Udah ngalahin dosen aja lu Badak!
"Cara mengutip itu dipelajari. Kalau kamu mengutipnya begitu apa bedanya sama menyalin? Kalimatnya diparafrase biar nggak kena plagiasi."
"Buku tata bahasa dan cara parafrase ada di rak buku kamar sebelah. Kamu bisa pakai buku itu." ujarnya lagi.
"Iya Pak Iya," jawabku pasrah ke arah Pak Jefri yang sibuk mengomentari tugas akhirku yang ada di laptop.
"Pak," panggilku pelan ke arah Pak Jefri yang sedang memainkan ponselnya.
"Hm,"
"Saya besok bolos bimbingan sekali ya?"
Pak Jefri melirikku dengan tatapan membunuh, "Gak!"
"Pak ini kurang metode penelitian, tapi kepala saya udah pusing. Udah kayak diinjek-injek gajah. Saya pengen tidur." protesku ketika ia tak mengizinkannya.

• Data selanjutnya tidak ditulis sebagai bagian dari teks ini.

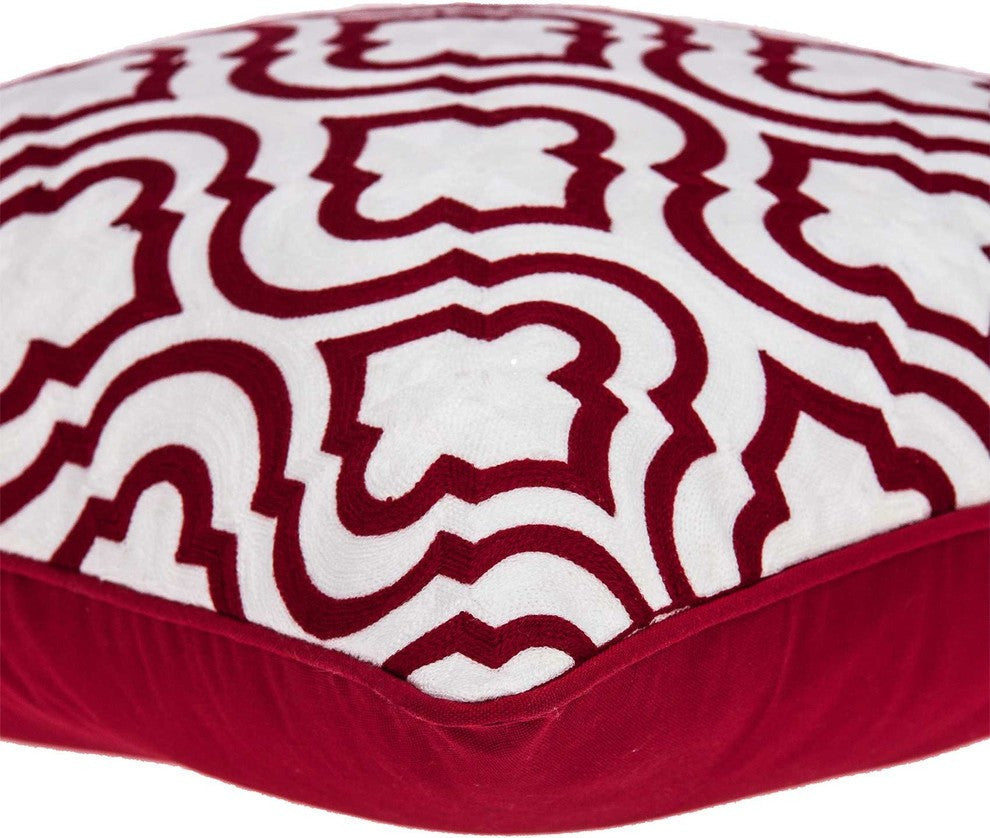20" X 7" X 20" Transitional Red And White Accent Pillow Cover With Poly Insert
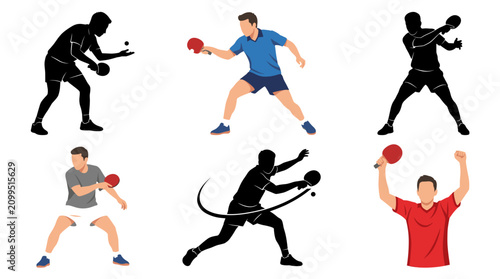 Photos Set of vector collection featuring different table tennis player action poses, f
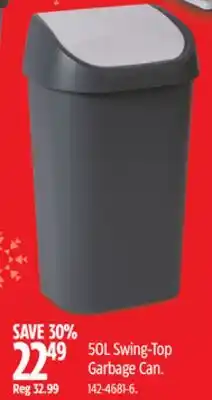 Canadian Tire Type A 50L Swing-Top Garbage Can offer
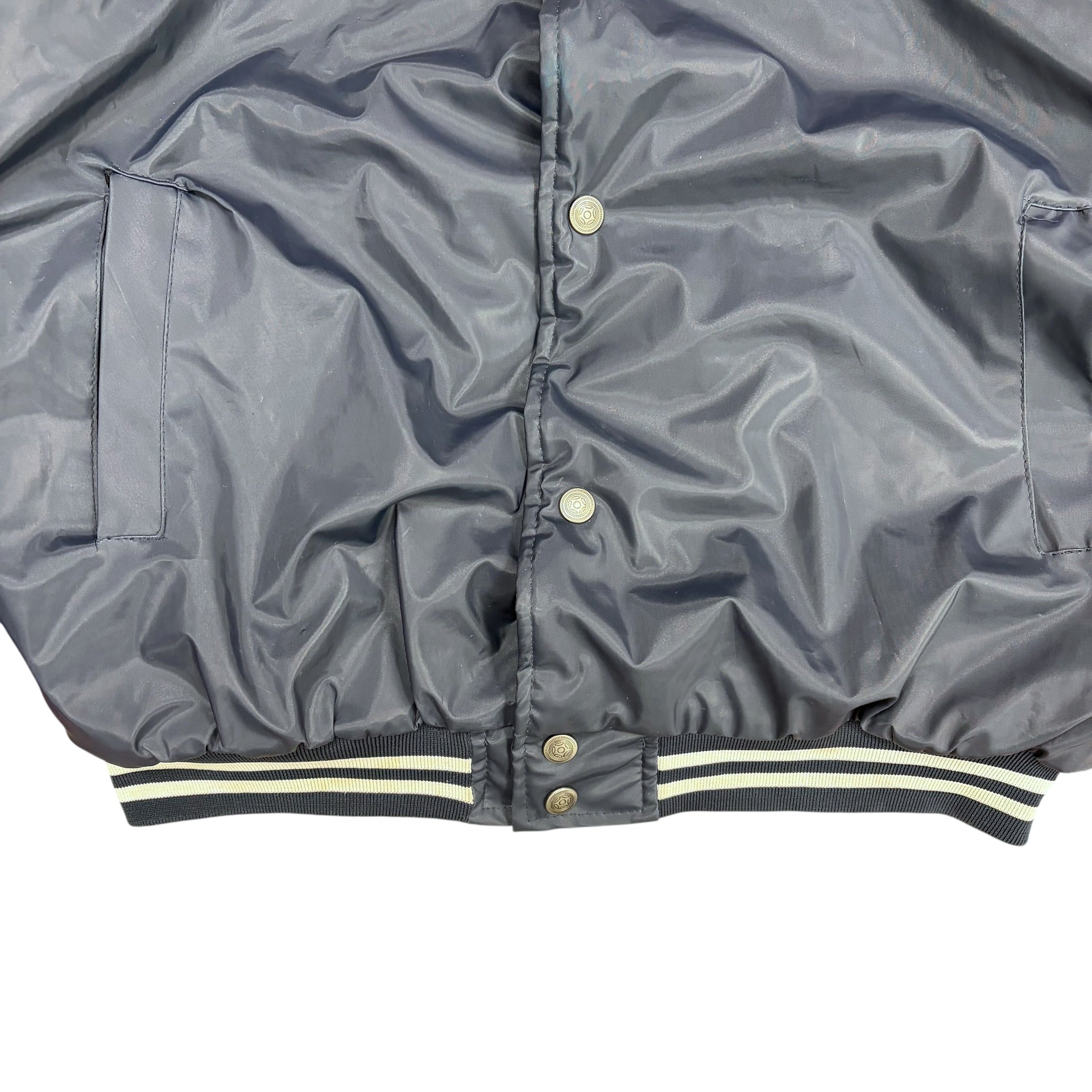 Vintage New York Script Logo Bomber Jacket Navy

"Saya udah bela-belain bantuin kamu disini, kamu malah pengen nunda-nunda."
Yang nyuruh Lo bantuin gue siapa?
Pak Jefri tiba-tiba beranjak dari duduknya, "Saya mau keluar sebentar. Kamu kerjakan bagian metode. Saya kembali, kamu harus sudah selesai. Terus tidur!"

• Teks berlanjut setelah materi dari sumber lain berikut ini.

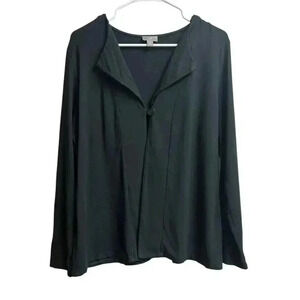 J.Jill Wearever Collection Jacket Blazer Black Stretch Large One Button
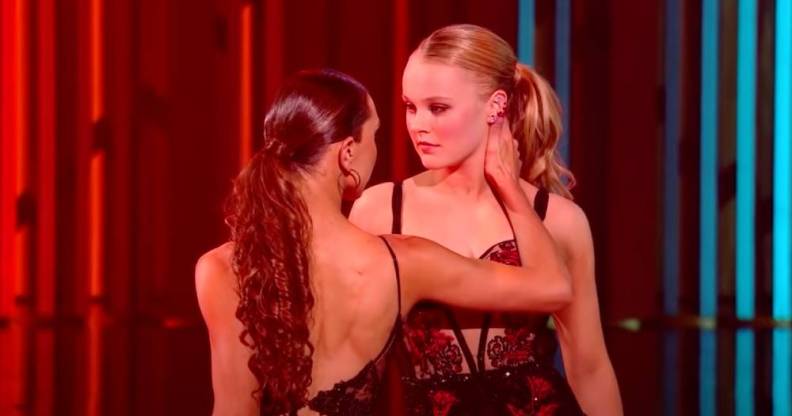 JoJo Siwa stars at her professional dancing partner Jenna Johnson during a rumba on Dancing with the Stars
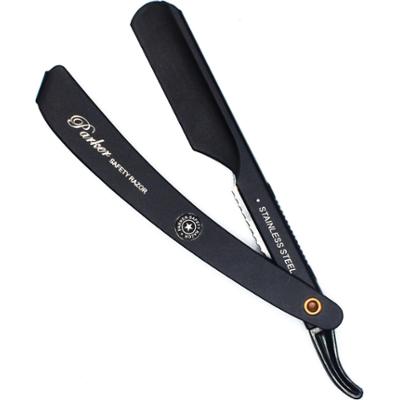 Parker Shaving PTBMETAL-Black Steel Push Type Barber/Straight Razor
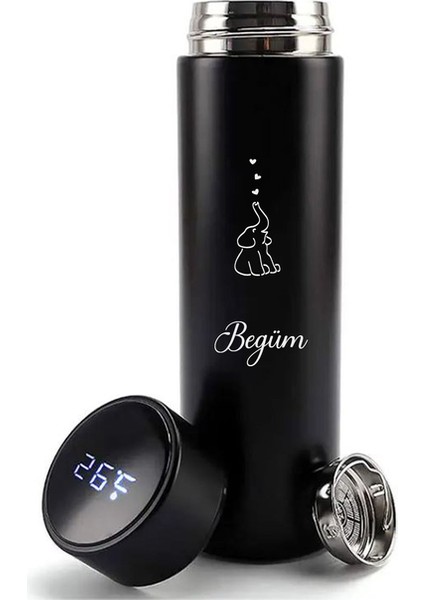 Kişiye Özel 500ML Dijital Göstergeli 304 Çelik Fil Baskılı Akıllı Termos - Isı Korumalı Şişe fiyatları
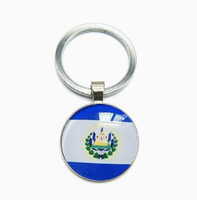 Porte-clés en métal avec dôme en verre transparent, motif drapeau de pays du monde, de haute qualité, pour cadeaux de voyage, vente en gros, breloque décorative à suspendre au sac, style basque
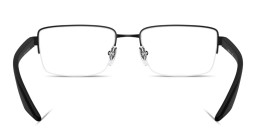 Shop Prada Linea Rossa Logo Signature Half-Rim Wide Pillow Eyeglasses in Matte Black online.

"Bapak yang bener aja deh! Jangan samain sama otak Bapak. Saya mana bisa Pak, kalau kesurupan Einstain saya baru bisa."
"Saya nggak mau tau pokoknya harus bisa,"
Yang punya tugas siapa yang ribet siapa?
Aku menghela napas panjang saat melihat Pak Jefri mulai beranjak dari duduknya. Pak Jefri benar-benar tidak punya hati. Bukan dosen tapi seenak jidatnya nyuruh ini-itu. Sikap Otoriternya tidak pernah tertinggal dalam dirinya. Kalau begini, apa bedanya rumah sama kampus?
🌸🌸🌸
Aku terlonjak saat mendengar suara alarm ponselku yang berbunyi. Tadi memang aku tidur jam setengah lima pagi dan sengaja memasang alarm jam enam pagi untuk menyelesaikan tugas, tapi aku malah bangun jam delapan pagi. Sedangkan bimbinganku jam sembilan pagi.

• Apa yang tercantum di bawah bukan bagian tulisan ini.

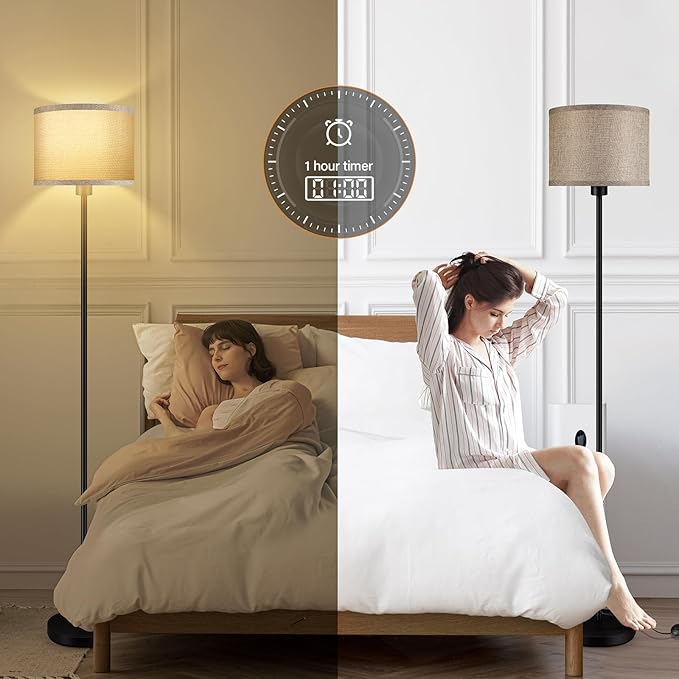 Floor Lamps for Living Room, Stepless Dimmable Floor Lamp with Remote, 2700K-6500K Colors Temperature & Brightness Adjustable,10W/1200LM Jute LED Floor Lamp, Modern Standing Lamp for Bedroom/Office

Aku sedikit mengerjap-kerjapkan mataku mengingat-ingat semalam. Perasaan aku tidur di meja belajar menyelesaikan bab tiga tugas akhirku. Tapi ini kenapa aku sudah ada di ranjang? Pak Jefri? Tanganku meraba-raba sisi kiri ranjang. Dan ternyata Pak Jefri sudah tidak ada di ranjang. Pasti dia sudah berangkat ke rumah sakit.
"Arrghhh!" Aku sedikit memegangi perutku yang tiba-tiba melilit. Aku berusaha untuk beranjak ke kamar mandi dan bersiap ke kampus. Tidak peduli sakit perut atau tidak. Aku tidak punya waktu banyak. Kurang dari lima belas menit aku harus membersihkan tubuhku dan bersiap-siap ke kampus.
Usai membersihkan tubuhku dan bersiap-siap, aku memasukkan laptop dan kertas-kertas bahan bimbingan yang ada di meja belajar. Jari-jemariku berpindah mengambil ponsel yang ada di atas nakas. Sebelum aku masukkan ke dalam tas, aku mengecek terlebih dahulu pesan masuk yang ada dalam ponsel.
Dreett....Dreet....dreett
Aku membuka satu pesan yang baru saja masuk dalam ponselku.
Bimbingan skripsi Pak Reza (Grub)
Pak Reza
Saya sedang ada urusan di luar kampus. Bimbingan hari ini ditunda dulu.
Aku menghela napas kasar, "Nyesel mandi! Tau gini kan tadi malam nggak perlu debat sama Pak Jefri buat begadang."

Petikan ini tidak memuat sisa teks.